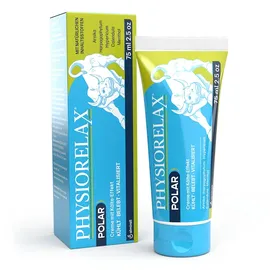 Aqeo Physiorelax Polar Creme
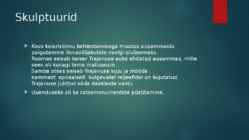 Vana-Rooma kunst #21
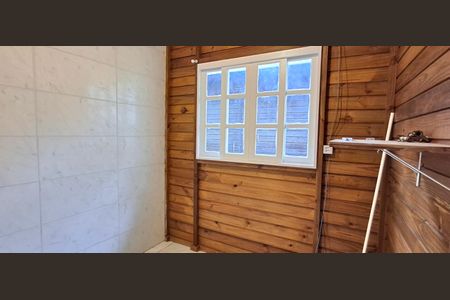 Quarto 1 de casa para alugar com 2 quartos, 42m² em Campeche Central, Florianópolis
++++
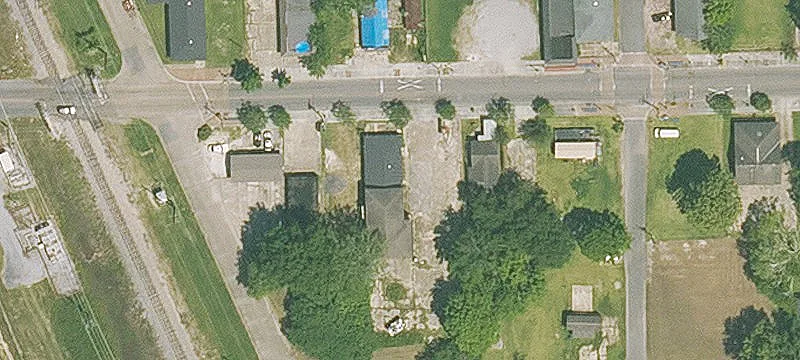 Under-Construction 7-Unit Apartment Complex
++++
Work item: Among the entries above, take the line with "Aqeo Physiorelax Polar Creme", the line with "Quarto 1 de", and all the lines between them, and restate them word for word without pictures.

Response box:
 Aqeo Physiorelax Polar Creme
 Vana-Rooma kunst #21
 Quarto 1 de casa para alugar com 2 quartos, 42m² em Campeche Central, Florianópolis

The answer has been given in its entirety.